Exercise brief:
Your copy should start at the line with "Mens Men's Premium T-Shirt Ivory" and end at the line with "Braguitas de bikini" in the data below. Transcribe only those lines, exactly, pictures excluded.

Provided material:
+++++
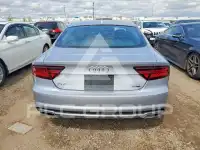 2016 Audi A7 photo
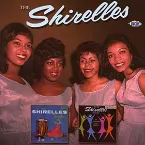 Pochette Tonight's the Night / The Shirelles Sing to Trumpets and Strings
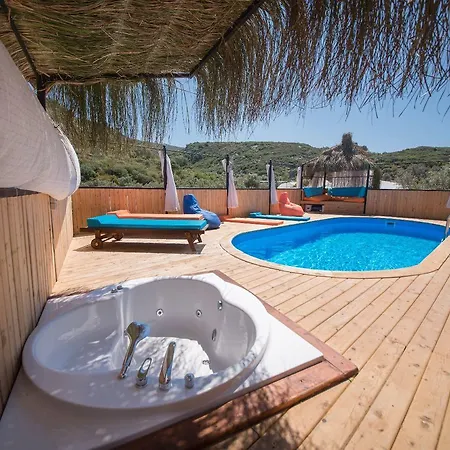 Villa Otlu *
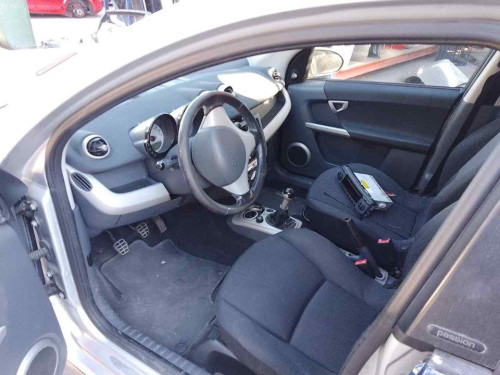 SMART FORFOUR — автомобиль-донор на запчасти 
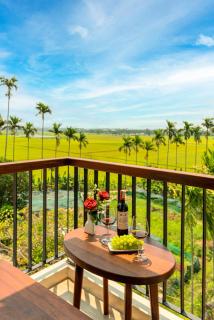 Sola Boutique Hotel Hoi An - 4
+++++
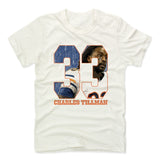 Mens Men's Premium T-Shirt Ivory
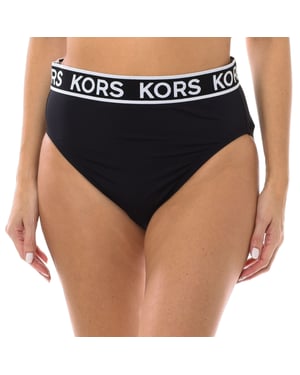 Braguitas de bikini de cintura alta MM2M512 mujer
+++++
Answer to this task:
 Mens Men's Premium T-Shirt Ivory
 Braguitas de bikini de cintura alta MM2M512 mujer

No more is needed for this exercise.